Your DD sounds like she's being a normal toddler. DS would ask for anything fun over and over again, it's normal. There is light at the end of the tunnel- DS and DD get on great, and now DD is older, they keep each other occupied. DD adores DS and follows him everywhere, DS adores DD and tries to play with her (although hates it when she tries to nick his toys!). How I felt when DD was first born feels a world away, and hopefully it will for you too.
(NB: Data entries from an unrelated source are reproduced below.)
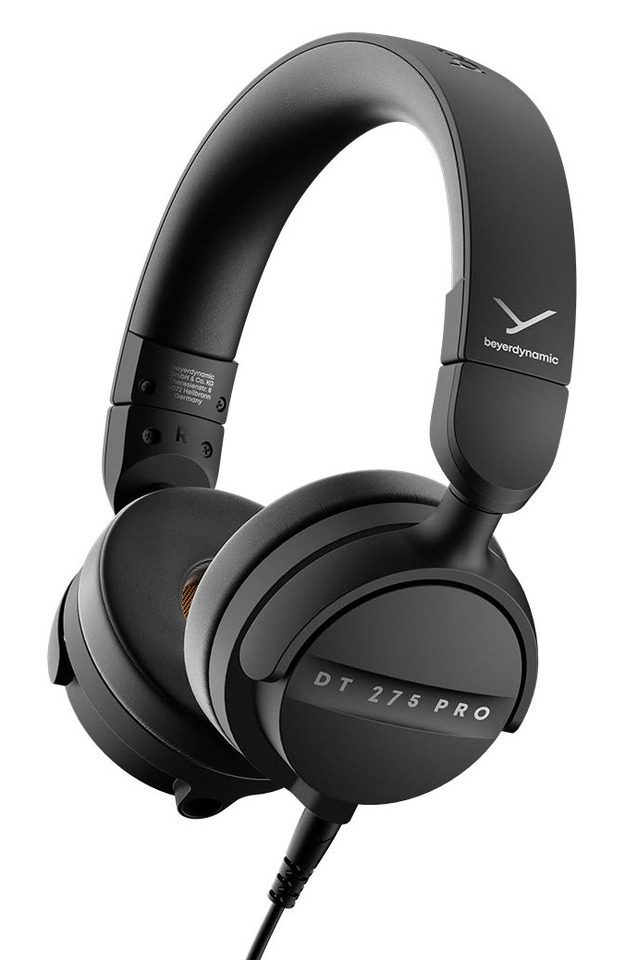 Наушники Beyerdynamic DT 275 PRO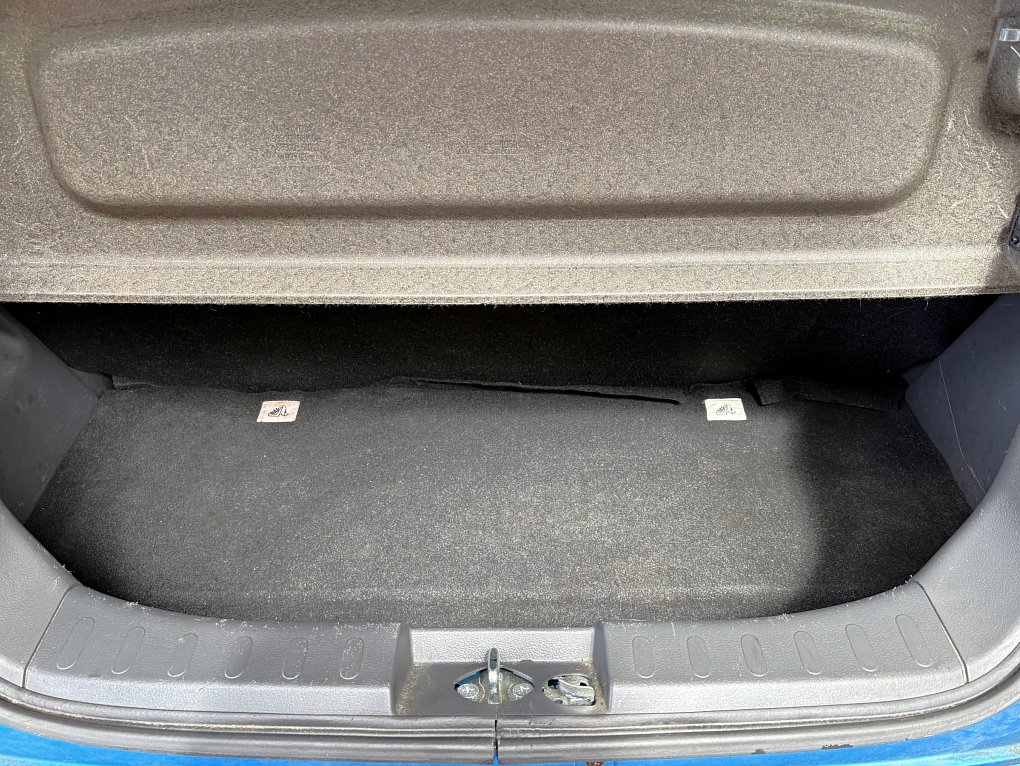 Suzuki Alto 1.0i 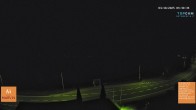 Archiv Foto Webcam Berghof Fetz in Bödele im Bregenzerwald 03:00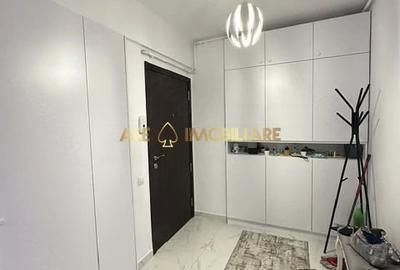 Apartament cu 2 camere decomandat, mobilat în Militari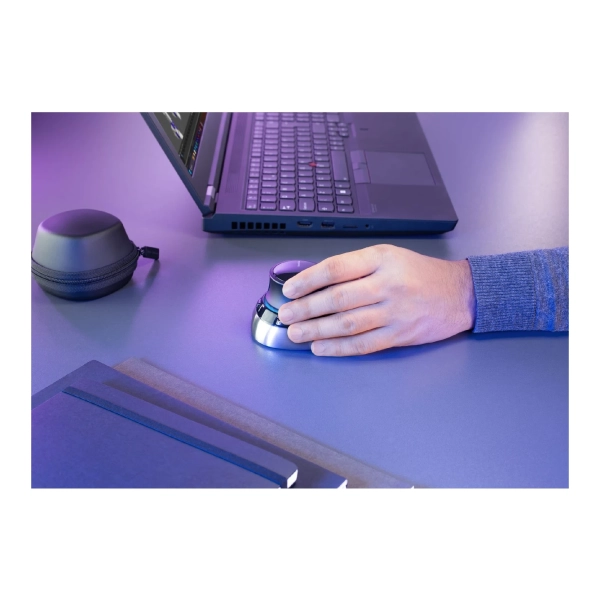 Купить Мышь 3DConnexion SpaceMouse Wireless Bluetooth Edition (3DX-700115) - фото 7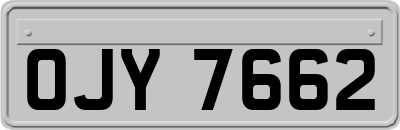 OJY7662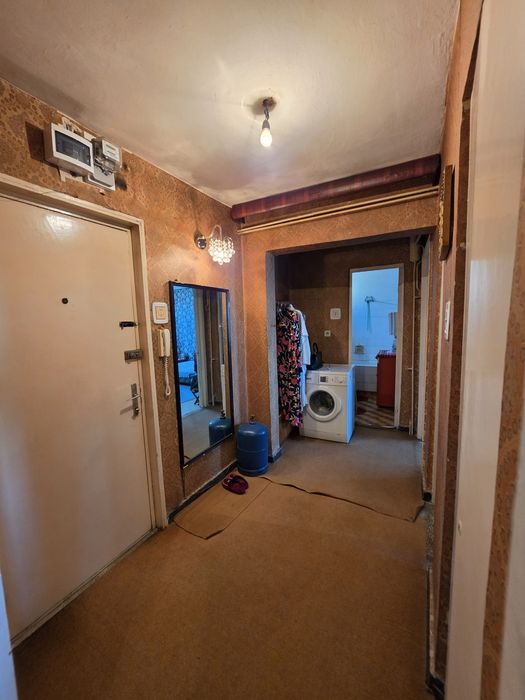 Apartament 2 camere Tomis 3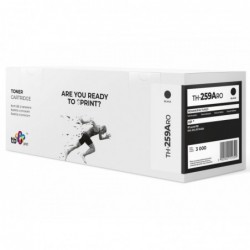 Toner do HP LJ PRO M404 CF259A TH-259ARO refabrykowany czarny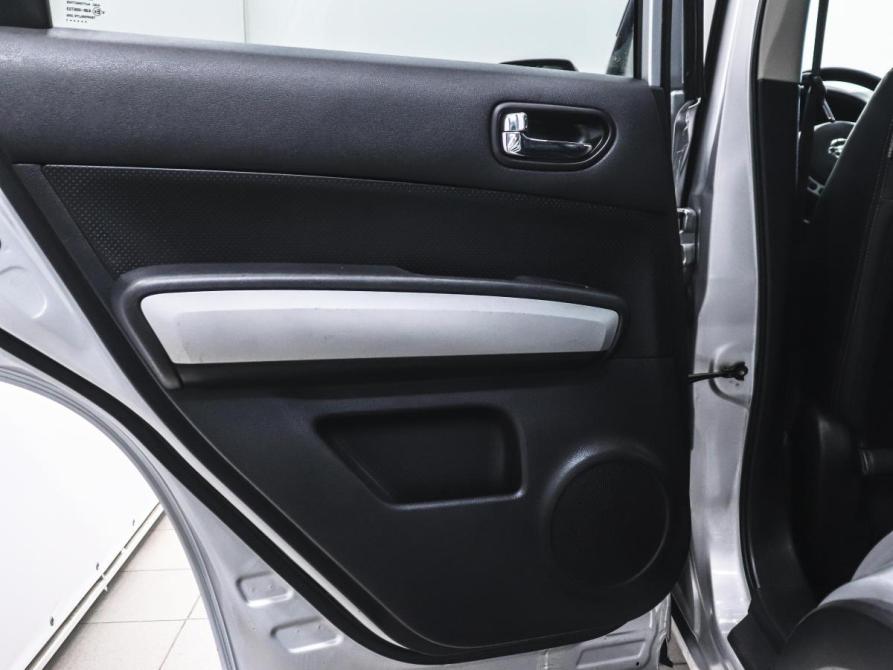 Nissan X-Trail II Рестайлинг Красноярск  - изображение 26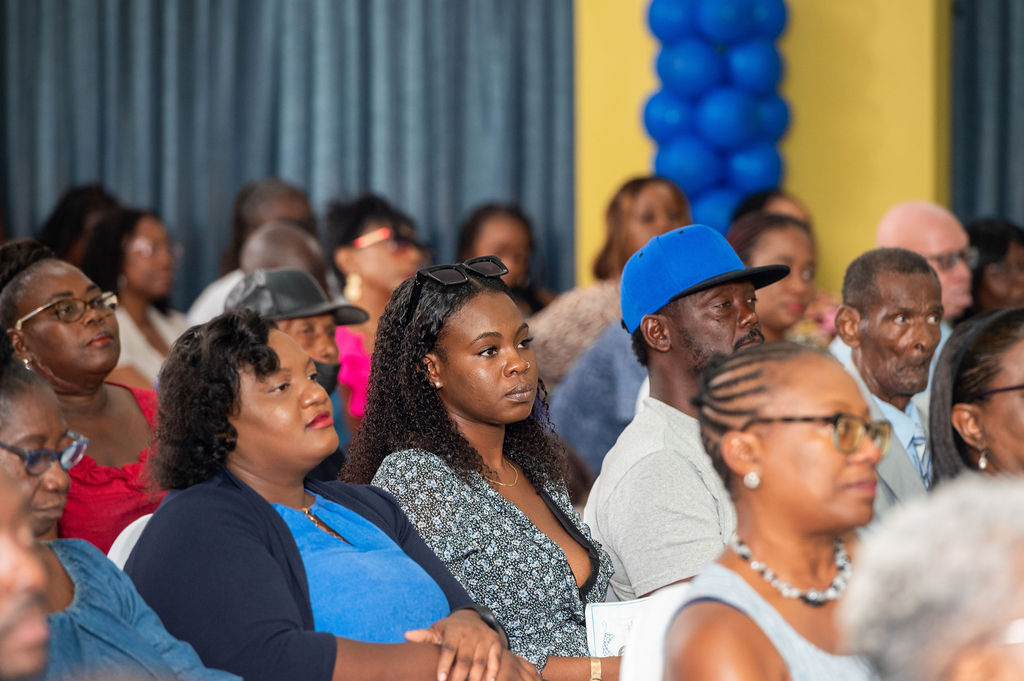 Massiah warns workers to be on their guard, given the rapid growth of Artificial Intelligence (AI)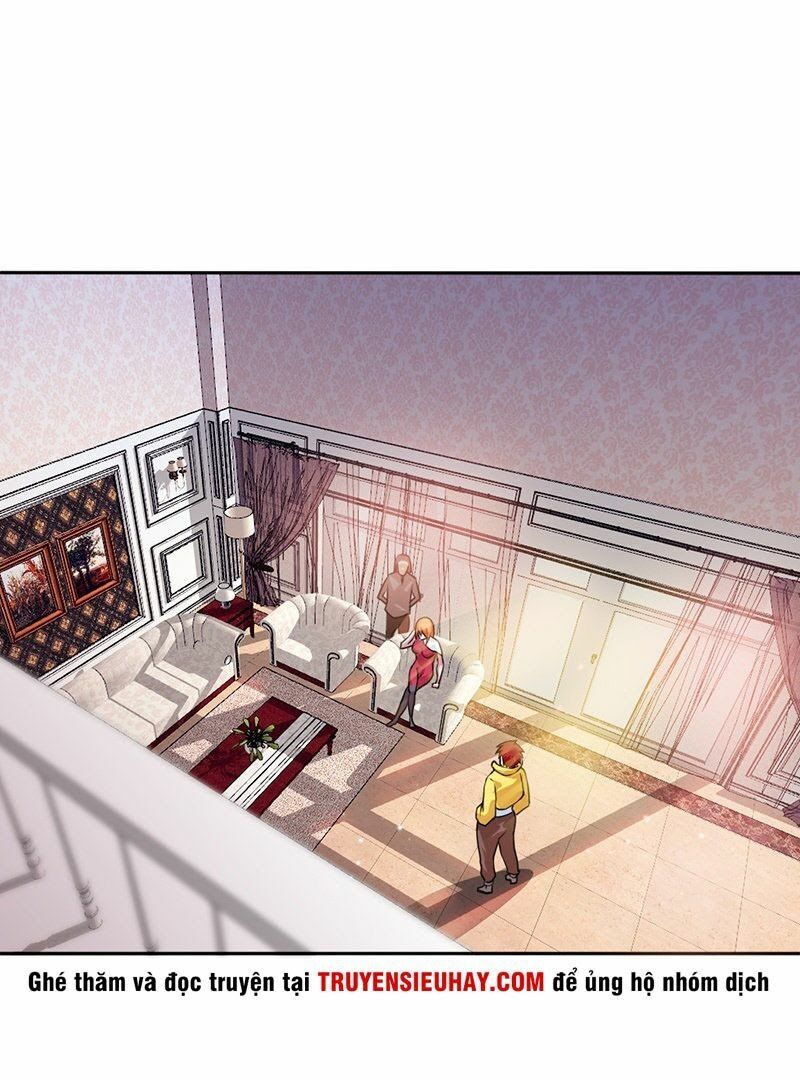 đọc truyện Tiên Vương Trùng Sinh Chương 8 ảnh 37 tại Thiên Thai Truyện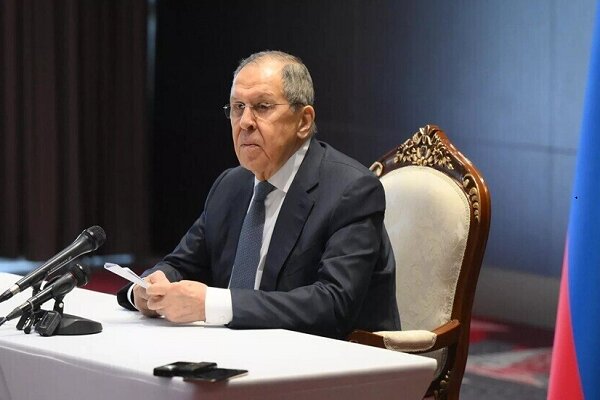 لاوروف: ایران شریک ما است/ دست روی دست نخواهیم گذاشت لاوروف: ایران شریک ما است/ دست روی دست نخواهیم گذاشت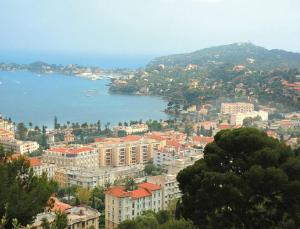 Imagen de la galería de ibis Styles Beaulieu sur Mer, en Beaulieu-sur-Mer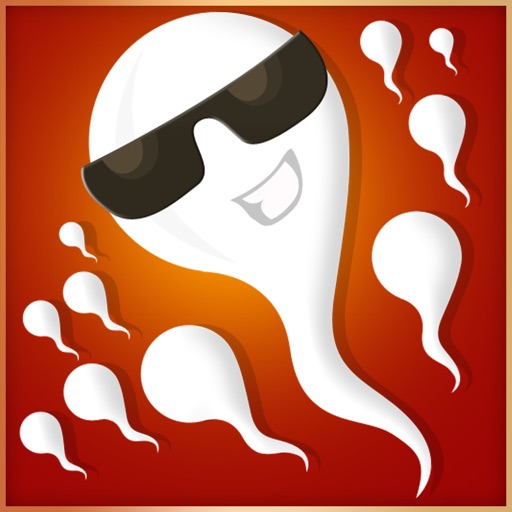 SpermRace -run for life iOS App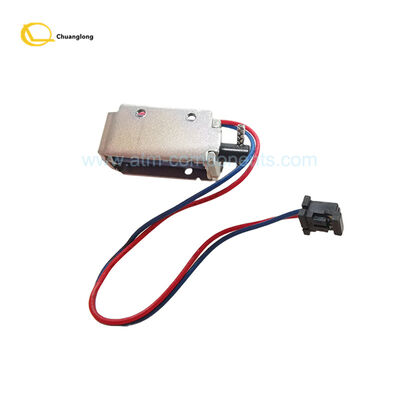 1750173205-40 Chiếc máy ATM Phần Wincor V2CU Card Reader Solenoid TDS-10SL DC-24V 4606C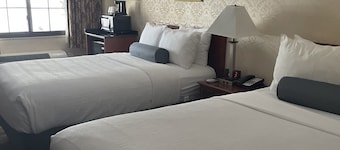 SureStay Plus by Best Western Woodbury Inn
I think it's great that you're going to the docs now if you're worried. I didn't have PND with DS, but after having DD I think I had mild PND up until Nov last year, and wish I'd sort help earlier, as I spent quite a lot of time stressed over minor things and in tears on the phone to DP whilst he was at work, and i'm sure this could've been sorted sooner, as the kids were really not that hard work once DD reached 3-4 months.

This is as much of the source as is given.